Page 1 of 1

Fuzzy Search

Posted: Fri Apr 08, 2016 4:32 pm
by em_uk
Hi guys and gals.

I'm making an app that copies files to an HDF image. One of the things I would like to do is to be able to filter my source files.

To do this I'd like to use a fuzzy search, so for example I have a folder with 10,000 titles inside. I want to find all the "ocean" games, I type Ocean in to my filter box and it will filter the list to show any titles with Ocean in the title.

I'm using an Explorer form at the moment for my source but think I need to write something custom.

Any idea on how this would be achieved (the fuzzy search bit)

Thanks

Re: Fuzzy Search

Posted: Fri Apr 08, 2016 7:16 pm
by kenmo
A basic start...

Code: Select all

Path.s = GetTemporaryDirectory() + "Fuzzy/"
CreateDirectory(Path)

RandomSeed(0)
For i = 1 To 100
  File.s = Str(Random(1000)) + " " + Str(Random(1000)) + ".dat"
  File = ReplaceString(File, "9", " ocean ")
  If CreateFile(0, Path + File)
    CloseFile(0)
  EndIf
Next i

; (see below)
CreateRegularExpression(0, ".*ocean.*", #PB_RegularExpression_NoCase)

If ExamineDirectory(0, Path, "")
  While NextDirectoryEntry(0)
    File.s = DirectoryEntryName(0)
    
    ; Simple FindString
    If (FindString(File, "ocean", 1, #PB_String_NoCase))
      Debug File
    EndIf
    
    ; RegEx (more powerful)
    If (MatchRegularExpression(0, File))
      Debug File
    EndIf
    
  Wend
  FinishDirectory(0)
EndIf

Re: Fuzzy Search

Posted: Fri Apr 08, 2016 7:50 pm
by infratec
Why not:

Code: Select all

If ExamineDirectory(0, Path, "*ocean*.*")
  While NextDirectoryEntry(0)
    Debug DirectoryEntryName(0)
  Wend
  FinishDirectory(0)
EndIf
But this has nothing todo with Fuzzy :wink:

Bernd

Re: Fuzzy Search

Posted: Sat Apr 09, 2016 2:06 am
by kenmo
That works too.
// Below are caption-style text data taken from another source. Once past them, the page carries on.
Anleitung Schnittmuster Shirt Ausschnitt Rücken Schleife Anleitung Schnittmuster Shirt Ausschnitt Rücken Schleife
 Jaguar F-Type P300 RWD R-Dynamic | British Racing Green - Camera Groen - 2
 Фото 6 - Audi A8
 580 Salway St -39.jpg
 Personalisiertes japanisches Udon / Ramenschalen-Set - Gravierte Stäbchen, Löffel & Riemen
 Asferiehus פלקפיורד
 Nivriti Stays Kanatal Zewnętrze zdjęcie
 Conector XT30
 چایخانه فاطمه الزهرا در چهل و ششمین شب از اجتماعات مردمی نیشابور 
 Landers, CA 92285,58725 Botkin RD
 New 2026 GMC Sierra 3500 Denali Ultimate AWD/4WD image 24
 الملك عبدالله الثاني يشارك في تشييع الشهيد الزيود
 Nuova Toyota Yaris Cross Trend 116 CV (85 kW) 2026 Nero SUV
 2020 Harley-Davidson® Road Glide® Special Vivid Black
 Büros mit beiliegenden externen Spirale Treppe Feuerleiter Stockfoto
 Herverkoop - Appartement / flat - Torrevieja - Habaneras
I didn't do that in my example because
(a) I wanted to show a RegEx match in the loop
(b) on Linux/Mac, I think ExamineDirectory matches case-sensitive, which I assume em_uk does not want(?)

Re: Fuzzy Search

Posted: Sat Apr 09, 2016 2:40 am
by Deluxe0321
A good way to perform a fuzzy search is to use the algo provided by Levenshtein.
Wiki: https://en.wikipedia.org/wiki/Levenshtein_distance
Code: https://github.com/acmeism/RosettaCodeD ... .purebasic

In combination with a prefilled list ( iterate all elements ) or life (check while iterating ), depending on how deep the structure is, the search itself is quite fast --> O(m*n).
You may have to tinker with the distance ( I commonly use a distance of <= 2 ---> means two different letters found in the compared string).

Re: Fuzzy Search

Posted: Sat Apr 09, 2016 9:33 am
by Keya
em, by "fuzzy search" do you actually mean complex search patterns (like regular expressions etc)? because the "search for ocean in the title" example you gave indicates it could be as simple as having the user enter a search word, and then simply enumerating through the list using FindString(nextword, wordtofind)

Re: Fuzzy Search

Posted: Sat Apr 09, 2016 11:36 am
by em_uk
Hi, thanks for the ideas so far.

Fuzzy search as in simple search terms, not complex regex, just so that titles can be filtered easily.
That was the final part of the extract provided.